Sharrow and her team follow the trail left by Gorko and recover the Universal Principles. The book has long since turned to dust, but the case contains a quotation that is also inscribed on Gorko's tomb. Sharrow visits the storage facility where the tomb is kept and finds a device that provides them with co-ordinates deep in an embargoed zone. The team are joined by an android named Feril and set out to retrieve the Lazy Gun. After disembarking from the submarine they hired, they are attacked first by air and ground troops. During these encounters, her team are killed one by one and Sharrow is wounded. Sharrow and Feril reach a small tower which contains both the Gun and numerous other pieces of ancient technology.

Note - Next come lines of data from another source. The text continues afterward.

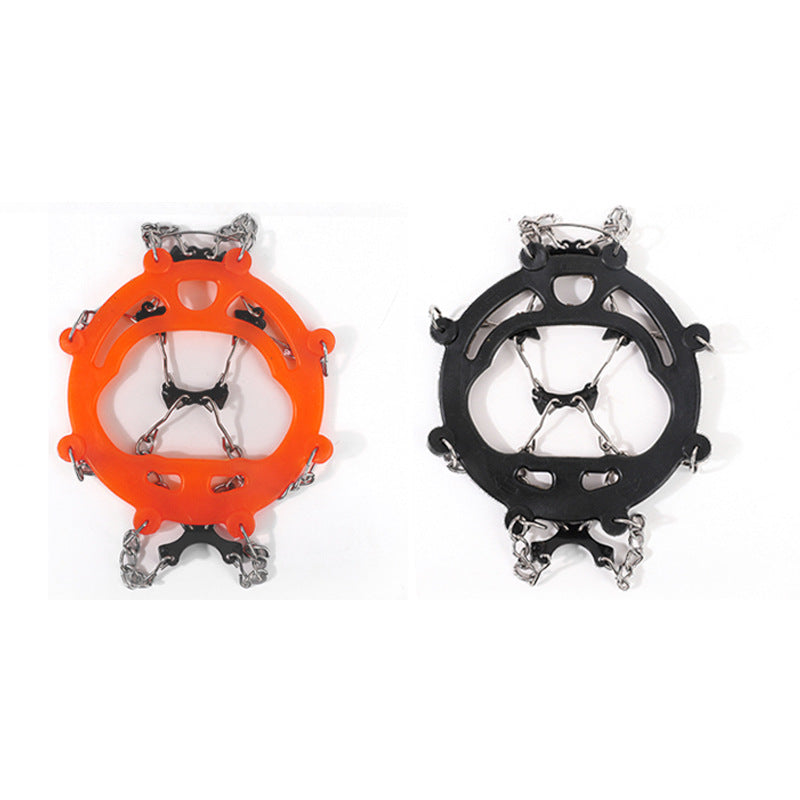 Wholesale Ice Claw Outdoor 8-Tooth Snow Non-Slip Shoe Cover Snow Claw Mountaineering Non-Slip Shoe Nail Chain Shoe Cover Eight-Tooth Ice Catch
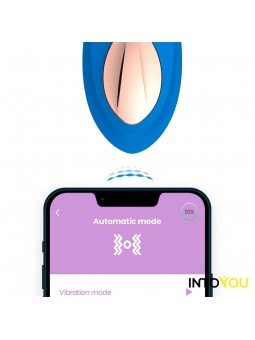 Vibrador de Braguita con APP Silicona Azul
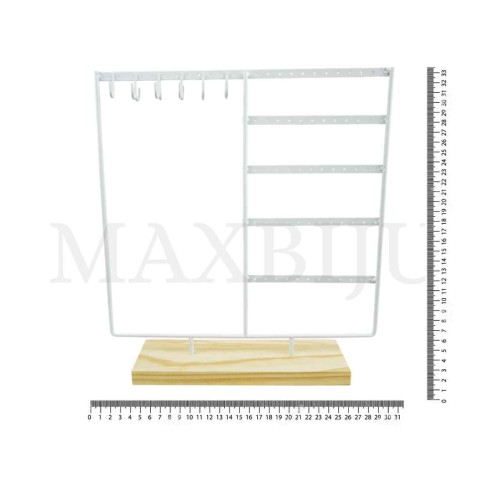 Wood and Metal Earring Exhibitor 31x33cm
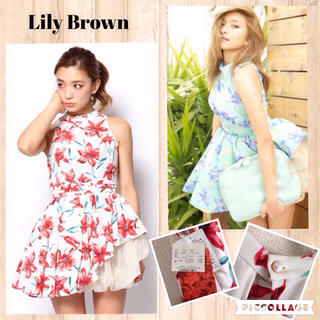 リリーブラウン(Lily Brown)の新品タグ付リリーブラウンチュールドレス(ミニワンピース)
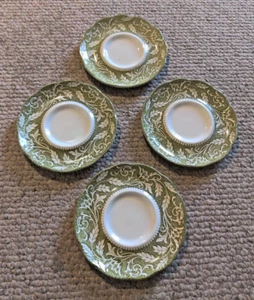 J&G Meakin England Sterling Renaissance Teetasse Untertassen Eisenstein grün - Bild 1 von 3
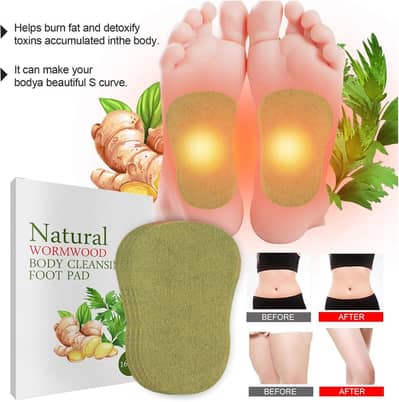 Herbal Knee Pain Relief Organic Detox Patches 10 PCS AyurvedicWormwood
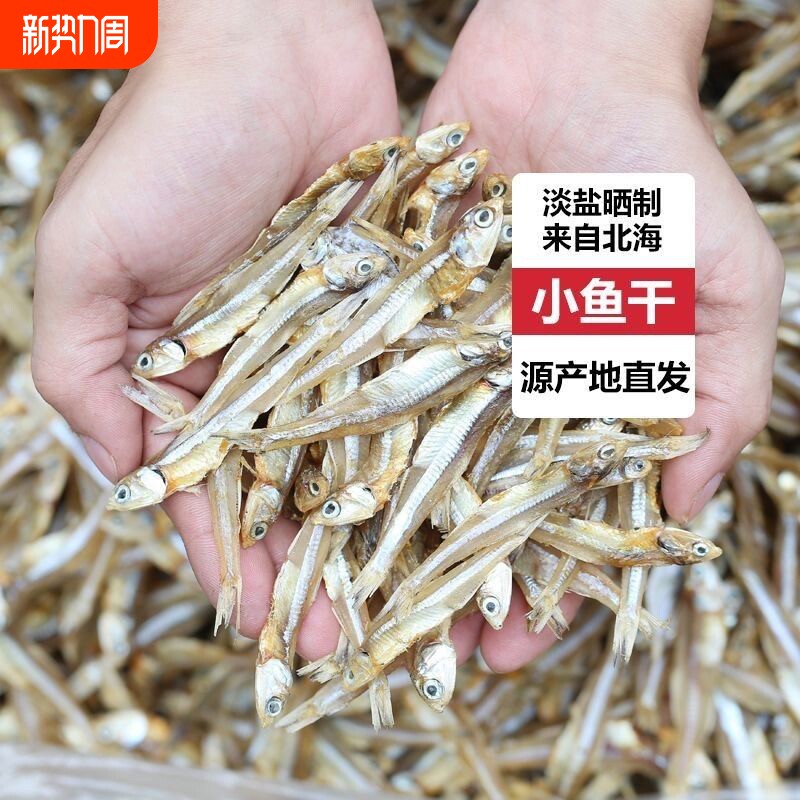 北海小海燕鱼干无盐鲜香小鱼干面条鱼咸鱼海鲜特产干货水产淡晒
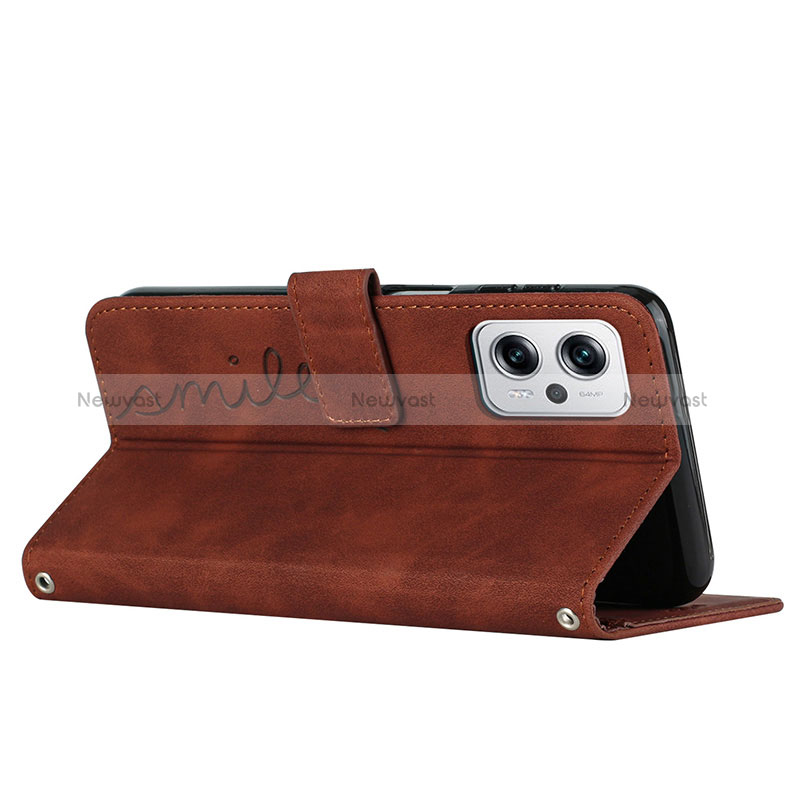 Leather Case Stands Flip Cover Holder Y03X for Xiaomi Poco X4 GT 5G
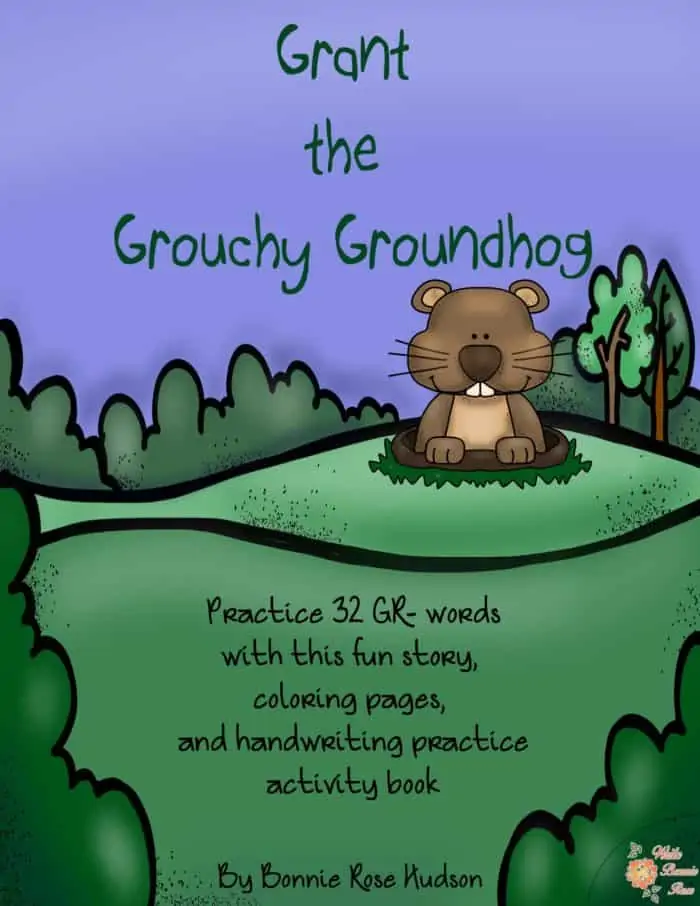 Grant the Grouchy Groundhog children\'s book cover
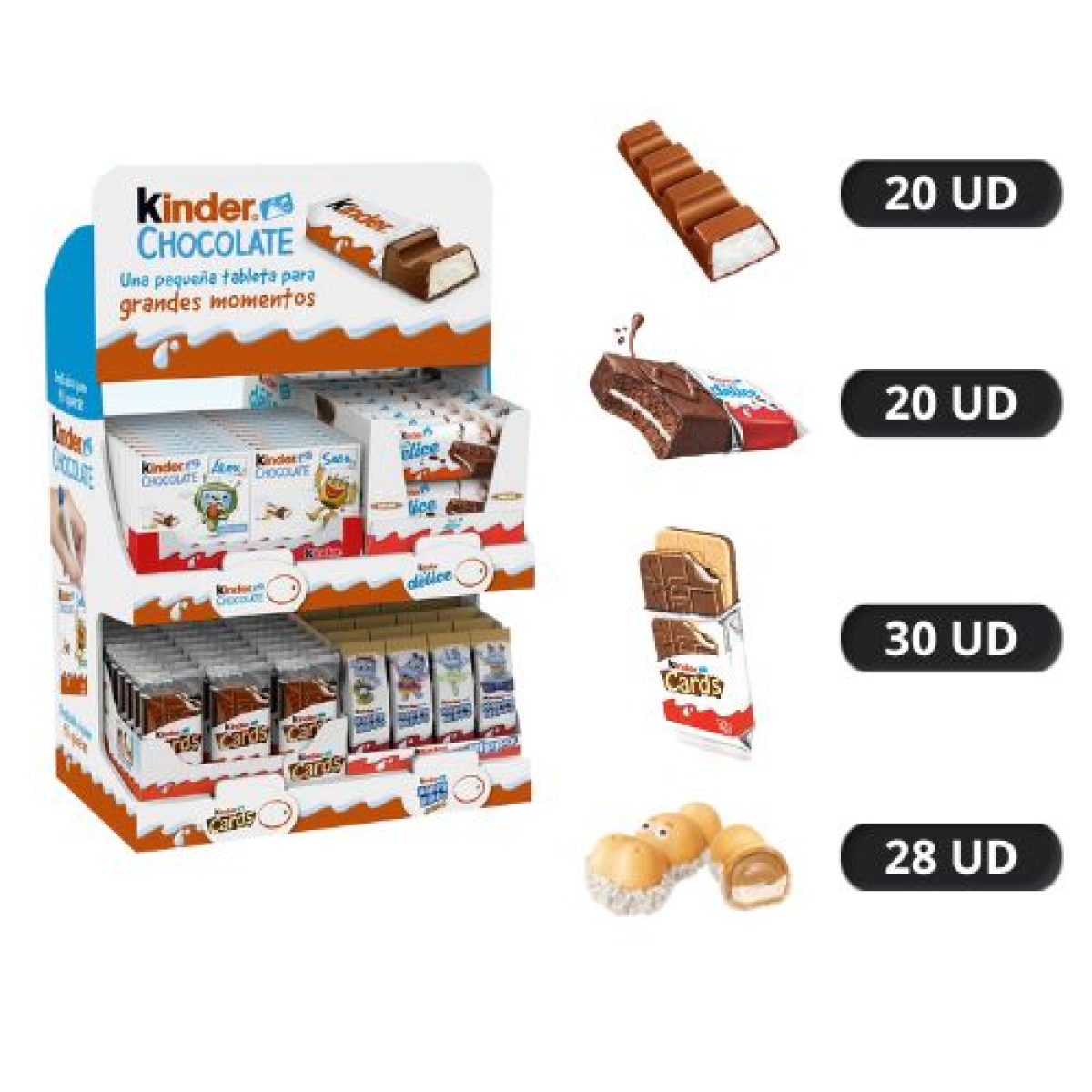 Expositor de Kinder Chocolate Kids Point x98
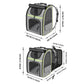 Blue Large Expandable Cat Travel Backpack - Breathable & Collapsible Pet Carrier 62x34x43CM
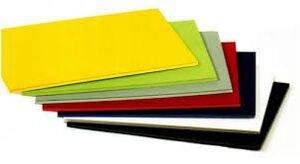 CARTON PLUMA A4 5MM COLORES SURTIDOS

After leaving the tower, Sharrow is immobilised by a neural weapon and the clones appear, confiscate the Gun and take them both prisoner.

They are conveyed to a desert stronghold and are presented to a man named Molgarin, who claims to be immortal. The fortress is attacked, by both the Huhsz and another unidentified set of troops. In the chaos, Sharrow kills the clones and escapes using a monowheeled tank that was found along with the Lazy Gun. She realizes that the first force contained members of the Sad Brothers and she and Feril head for the Seahouse, taking the Lazy Gun with them. They arrive and discover that her cousin Geis has been behind events, acting out of an unrequited love for Sharrow and a desire to engineer political change within the system. Molgarin was an actor employed to try and make Sharrow feel gratitude towards Geis. After they are taken captive Sharrow and Feril cause the Lazy Gun to begin firing uncontrollably and the Seahouse is destroyed, with Feril still inside it. In the confusion, Sharrow kills first her half-sister Breyghun and then Geis, before leaving in the tank, self-identifying with the Lazy Gun and the destruction that it brings to everything it encounters.

History
Against a Dark Background was rewritten from an original work of 1975. Banks said that it was the last of his old material that he had to rewrite.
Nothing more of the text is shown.